Python integration¶
DSS comes with native Python integration. The DSS installation phase creates an initial “builtin” Python environment, which is used to run all Python-based internal DSS operations, and is also used as a default environment to run user-provided Python code.
This builtin Python environment comes with a default set of packages, suitable for this version of DSS. These are setup by the DSS installer and updated accordingly on DSS upgrades. The builtin environment may be based on Python version 2.7, 3.6 or 3.7, to be chosen at installation time. See Customizing setup of the builtin Python environment.
Warning
Python 2.7 support is deprecated
In addition to this builtin environment, DSS can dynamically build and manage multiple additional Python environments, to run user-provided Python code. These can be built with different versions of Python, and different sets of installed packages. See Code environments.
Installing Python packages¶
Warning
Installingn Python packages in the builtin environmnet is highly discouraged. It can lead to package dependency conflicts with the mandatory set of packages provided by the DSS installer, and may complexify later DSS upgrades.
Managed code environments must be preferred. See Installing Python packages for details.
Customizing setup of the builtin Python environment¶
Warning
It is very rare to need to customize this. We strongly recommend that you only do it under instructions from Dataiku Support
Rebuilding the builtin Python environment¶
It is possible to rebuild the builtin Python virtual environment, if necessary. This is the case if you moved or renamed DSS’s data directory, as Python virtual environments embed their full directory name. This may be also be the case if you want to reset the virtualenv to a pristine state following installation / desinstallation of additional packages.

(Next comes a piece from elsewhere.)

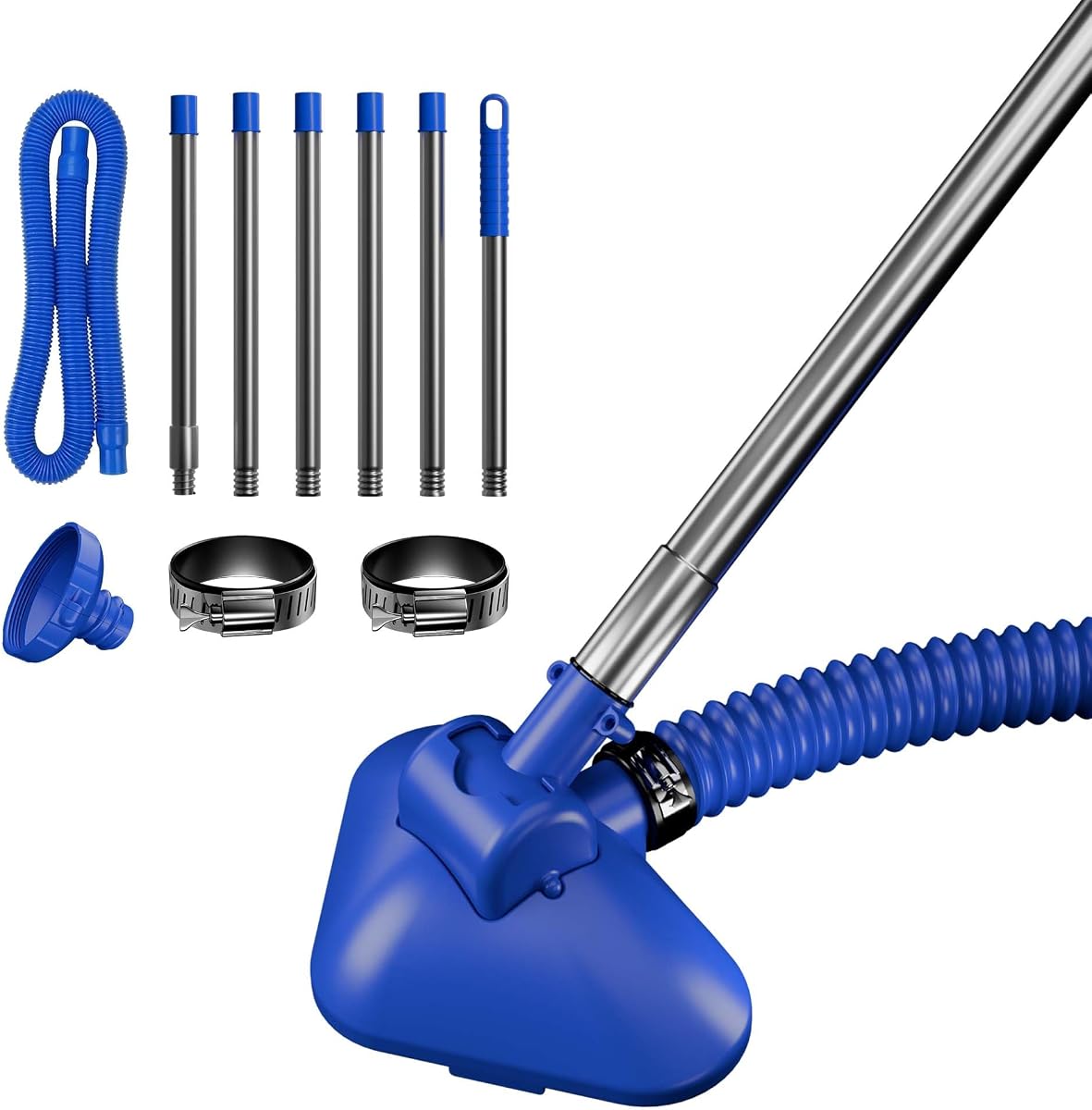 Pool Vacuum Cleaner for Smaller Pools, “Non-Electric” Power by Filter Pump, 13FT Extendable Pipe, 8FT Telescopic Pole, Vacuum Cleaner for Compact Above-Ground Pool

The builtin Python virtualenv is automatically created by the installer when it is not present. The sequence of operations to reinitialize it thus consists in removing the virtualenv and reinstalling DSS.
Warning
Doing this will automatically recreate the Python environment with Python 3.6 or Python 3.7 depending on your system. If your previous builtin environment was running Python 2.7, user code still using the builtin environment may need to be changed, and ML models trained with the builtin environment may need to be retrained
# Stop DSS
DATA_DIR/bin/dss stop
# Remove the virtualenv, keeping backup
mv DATA_DIR/pyenv DATA_DIR/pyenv.backup
# Reinstall DSS (upgrade mode), choosing the underlying base Python to use
dataiku-dss-VERSION/installer.sh -d DATA_DIR -u
# Start DSS
DATA_DIR/bin/dss start
# When everything is considered stable, remove the backup
rm -rf DATA_DIR/pyenv.backup
Advanced: using a fully custom Python environment¶
Warning
It is very rare to need to customize this. We strongly recommend that you only do it under instructions from Dataiku Support
For non-standard needs, you can force DSS to use an externally-maintained Python installation by defining the DKUPYTHONBIN environment variable;
When this variable is defined, the precompiled third-party Python packages shipped with DSS are not used. You must make sure that the
interpreter started by $DKUPYTHONBIN
contains all packages required by DSS. Please refer to the script
INSTALL_DIR/scripts/install/install-python-packages.sh
, found in the DSS installation directory, for this purpose.